Science historian James Burke, the brilliantly engaging presenter of systems thinking show Connections, produced this forerunner to An Inconvenient Truth back in 01989; After the Warming.
It takes the form of a documentary "from the future" (set in 02050) and despite its age may well strike a viewer in 02008 as oddly ahead of its time -- and not for the obvious reason. That is, while the ostensibly futuristic wrapping may not have aged too well, the contents have really come into their own.
I won't say much about it here, except (a) even at 1 hour 47 minutes in length, it's well worth watching; (b) the "retrospective" format of setting a nonfiction program decades into the future is a rare and interesting one; and (c) the top Google hit for "After the Warning" is a 01997 review excoriating the show.

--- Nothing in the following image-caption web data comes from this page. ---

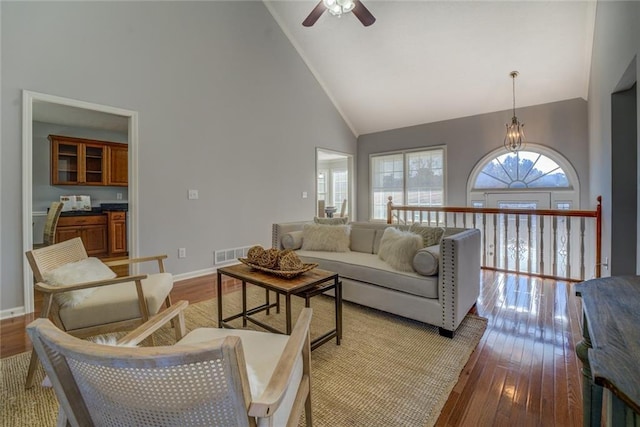 living room with light wood-type flooring, high vaulted ceiling, and ceiling fan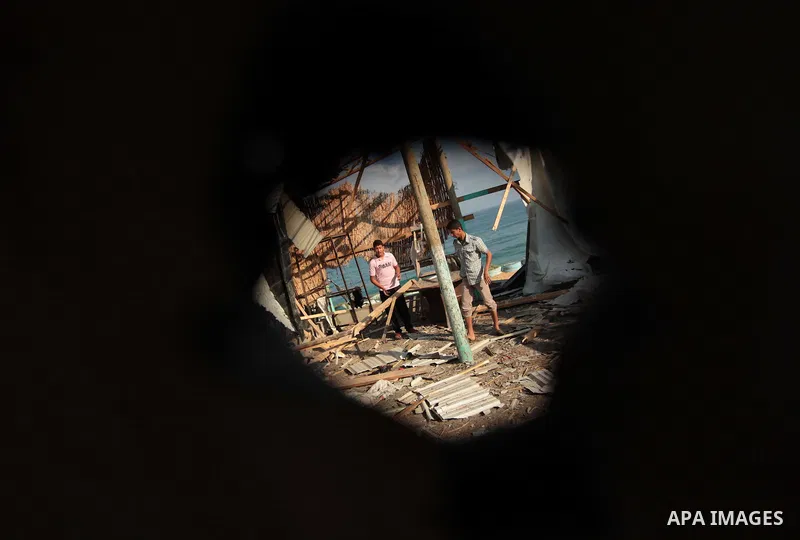 Palestinian men inspect the site of an Israeli air strike in the central Gaza Strip June 25, 2014. Militants in the Gaza Strip, a coastal enclave where Hamas is dominant and has vowed revenge at Israel's crackdown, fired...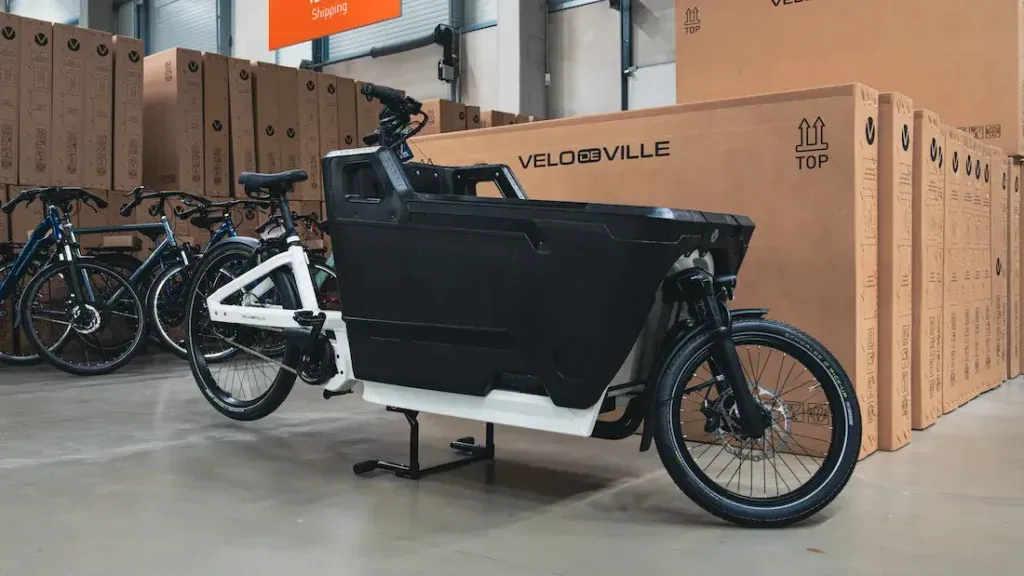 Una bicicleta de carga reposa en el almacén, rodeada de cajas de cartón etiquetadas como "Velo de Ville" junto a otras bicicletas, creando una escena animada que recuerda a los vibrantes mercados de Valencia.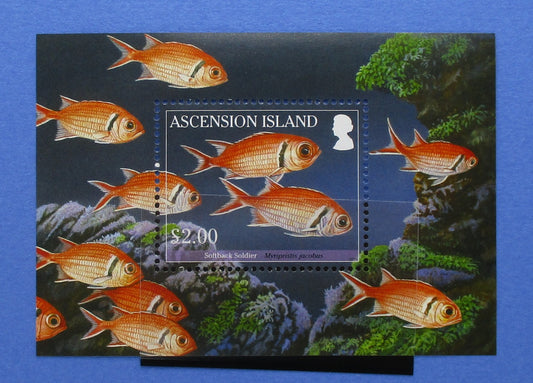 Ascension Island postage stamp sheet featuring multiple orange-red fish swimming over an underwater coral reef scene, with the text 'ASCENSION ISLAND' and a $2.00 denomination on a blue background.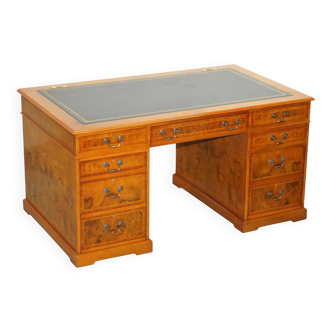 Partner desk in burr walnut designed to conceal computer equipment.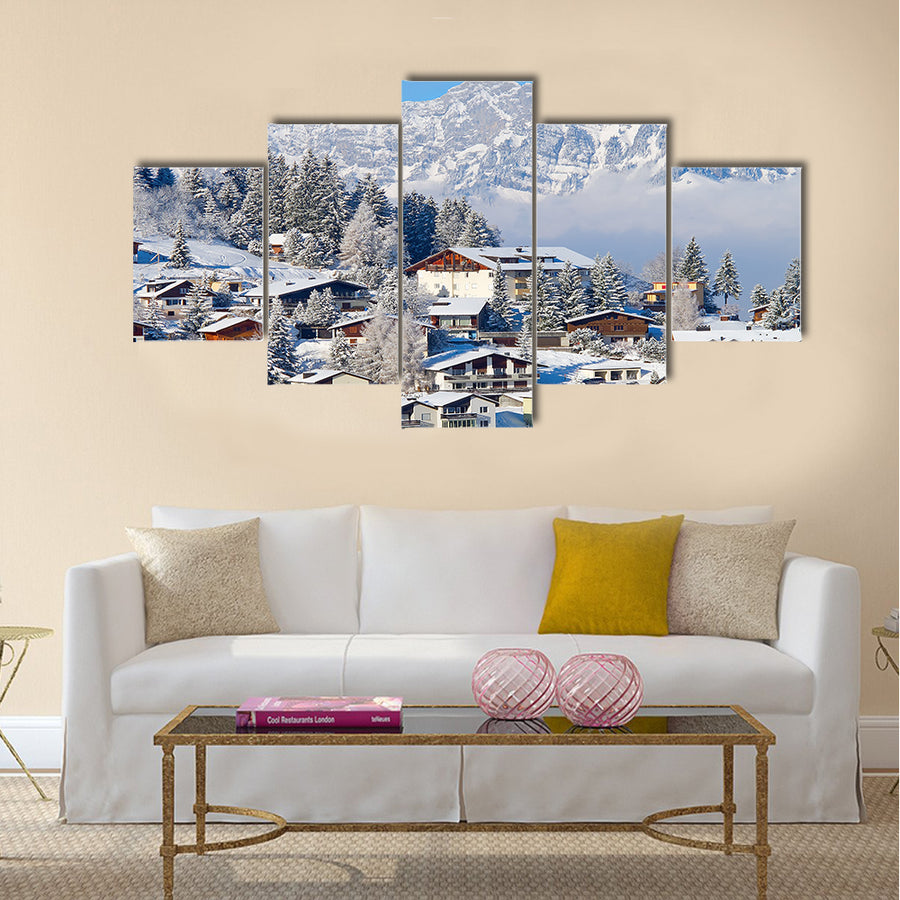 Winter holiday houses in swiss alps multi panel canvas wall art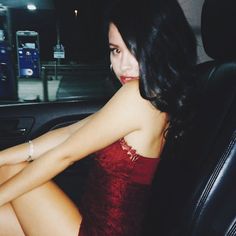 a woman in a red dress sitting in the back seat of a car with her legs crossed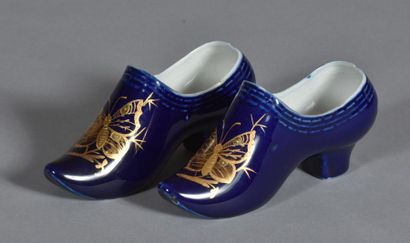 Pair of porcelain clogs with blue background...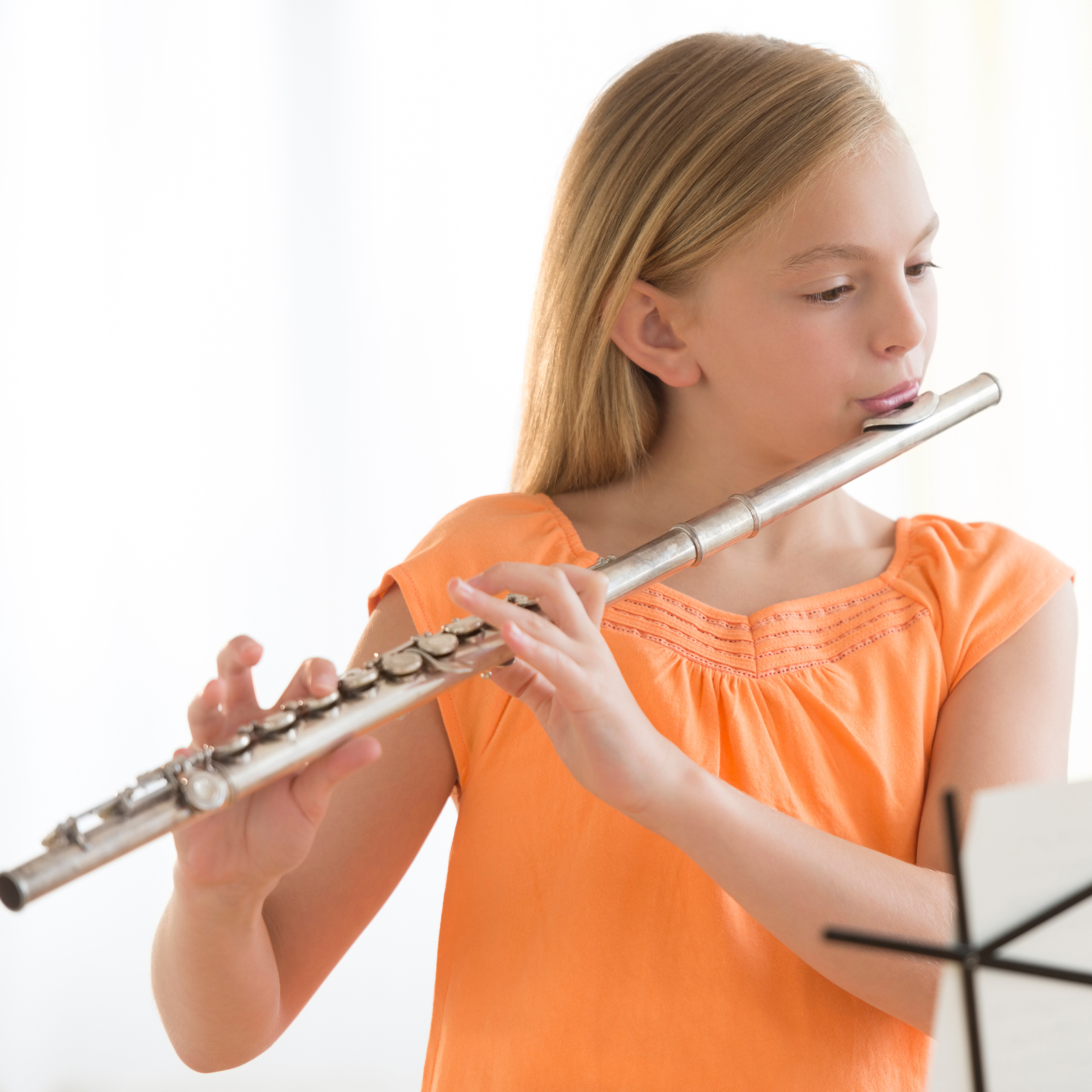 Young girl playing the flute while looking at sheet music, wearing an orange sleeveless top.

The review comes from The Energy Advocate, a newsletter self-published by retired physics professor Howard Hayden (listed at DeSmogBlog as a climate change "denier"). No further comment, just take a look.
Says Hayden's review, in part:
[Burke] brings us a blatant propaganda piece, After the Warming, where he decides to explain how mankind is ruining the earth through the greenhouse effect. This show on The Learning Channel is a sort of fantasy, wherein he plays James Burke doing a Connections program in the year 2050. It is an apocalyptic prophecy of the near future disguised as a retrospective look at humanity and the earth.
His review gets a bit more entertaining and a lot more polemical from there. I find it instructive, though not at all unusual, that a disliked hypothetical future is serially dismissed as "propaganda", "prophecy", and "fantasy". No chance, then, that Burke's offering could be seen instead as an imaginative interpretation of a distant future, based on a theory with which he, Hayden, happens to disagree?
How, I wonder, do people come to be so sure about things?